This is the HTC Titan. Behold its super-massive 4.7-inch screen and tremble, feeble mortals. We’ve bee able to have a quick play around with the Titan and can say that despite the size of that display (bordering on Dell Streak territory) it’s actually pretty lightweight and compact in the hand. It’s only a wafer-thin 9.9mm round the sides after all. Not even Mr. Creosote could refuse this.

We do wonder when exactly the trend towards screen magnification will come to an end. Is this the ceiling limit for screen size acceptability? Or a decimal point of an inch too far? That’s a debate for another day we think; for now, feast your weary peepers on our hands on shots of the HTC Titan and the HTC Radar as well, while you’re at it.

During our brief demo time we were able to have a go with the panoramic shot mode, see what the Windows Phone 7 version of HTC Watch looks like and get a sneaky look at the dock screen. Yes, there’s going to be a range of HTC docks available for both phones.

We should stress that this is a development model and so isn’t what you’ll see in the shops. We weren’t able to test out everything we liked because of this and, as we said, we didn’t have all day to play around with it.

Click through to see more of the Titan from all angles and to see it’s features in action.

There’s the main camera unit ofthe HTC Titan in it’s 8-megapixel glory. We’re keen to see how this’ll hold up in the ‘taking shots in gloomy pubs’ stakes next to the Sony Ericsson Xperia Arc. You get an f/2.2 aperture, back-lit sensor and a dual LED flash here.

Round the front, there’s a 1.3-megapixel camera allowing for video calls. We reckon that you’ll probably use the Titan as a high-tech mirror more. Got to make sure that your hair isn’t a strand out of place for that big meeting. We were told by HTC that the Tango videocalling app would be available for WP7 devices around the time of the Titan’s launch.

Pretty thin round the sides right? Though the wide frame (131.5 x 70.7 x 9.9mm) means it’ll be a squeeze for some people’s pockets at least it’s not going to leads to any unsightly brick-like bulges.

And round on the other side, you’ve got a thin volume rocker sitting above a shutter key for the camera.

How the new Windows Phone 7’ed version of the HTC Watch app looks. We were unable to test out the video playing capabilities on the model we handled but we imagine that movies will look good; 16:10 aspect ratio will mean things’ll be letterboxed, but only ever so slightly.

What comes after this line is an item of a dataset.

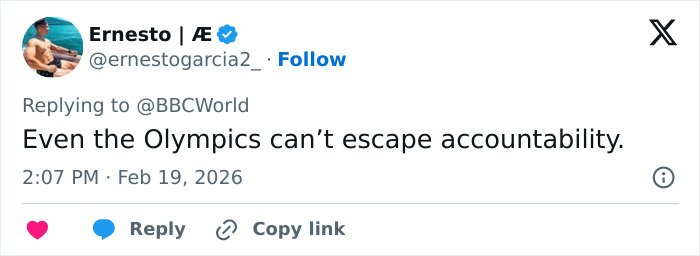 Screenshot of a tweet reacting to Winter Olympics host forced to resign after commentary sparked outrage.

The same Metro UI theme returns here. You pin shortcuts to the main screen by long-pressing on an icon from the sub menu, creating shortcuts to the calculator, camera and… dock mode? Let’s have a little look at that.

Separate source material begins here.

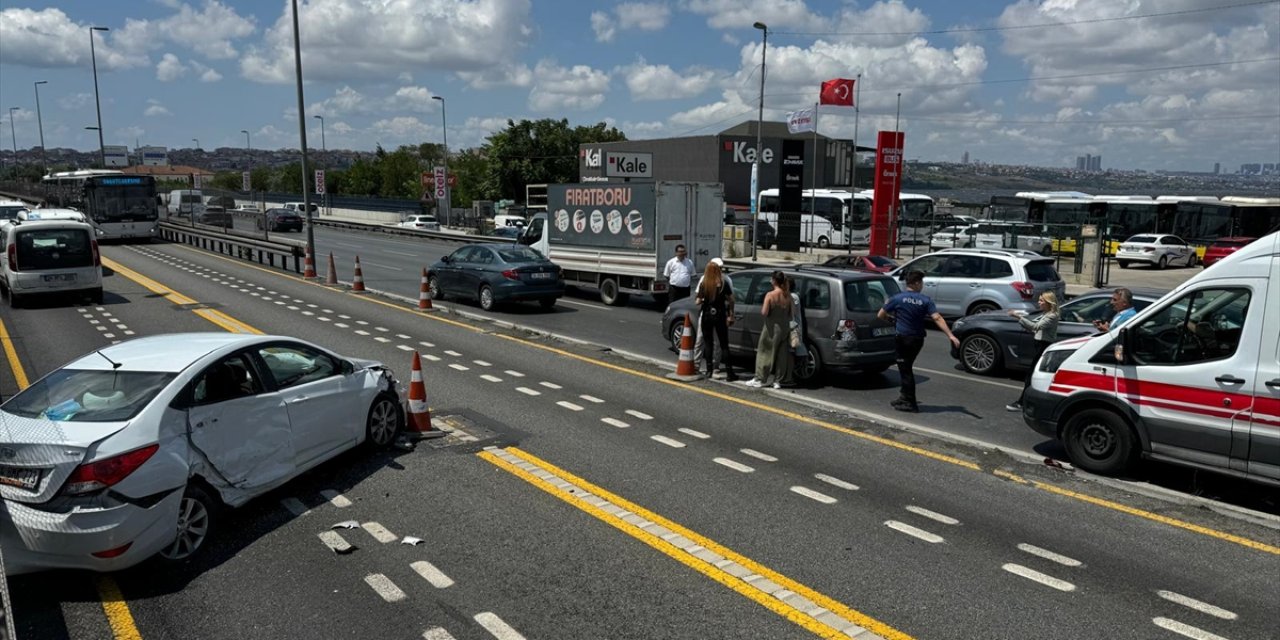 Küçükçekmece'deki kazada metrobüs yoluna giren otomobilin sürücüsü yaralandı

An in progress shot of how the new dock mode will look. When you connect your Titan to one of the forthcoming docks, this screen will load up, giving you quick access to entertainment functions like the music player, HTC Watch, photos and, naturally the alarm clock.

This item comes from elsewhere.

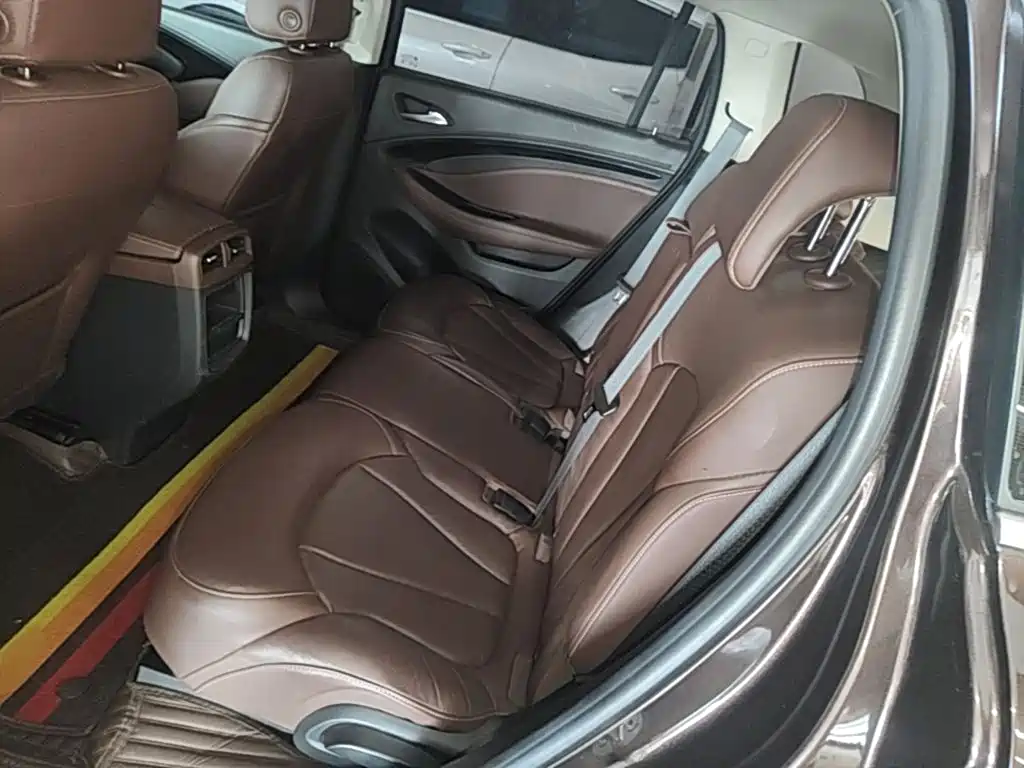 Buick Envision Plus — миниатюра 17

The HTC Titan’s main camera. You get a long list of fun effects as well as options of white balance and ISO. Burst shots is fairly explanatory; you can take up to five shots in one go. Curiosity got the better of us; we went straight for the panorama shot.

When you take your first pic in panorama mode, the Titan pops up a spirit level-style alignment tool on the screen. It won’t take the next picture until it’s happy that you’re on the same level, stopping you from stitching together wonky panoramas.

See? When the circle in the middle turns green is when you know you’re good to go. The camera will do its thing automatically.

Obligatory battery cover off shot. The cover here is the same kind of deal as the HTC Sensation and HTC Evo 3D, a one-piece cover the slides off with a little effort and clips snugly back into place.

We were amazed at the size of the Titan’s battery; we were expecting it to be bigger. This is the standard size for HTC’s batteries though, so we guess we shouldn’t have been took shocked. You’ll need to dig it out to pop your SIM in, obviously, and as this is Windows Phone 7, there’s no microSD slot.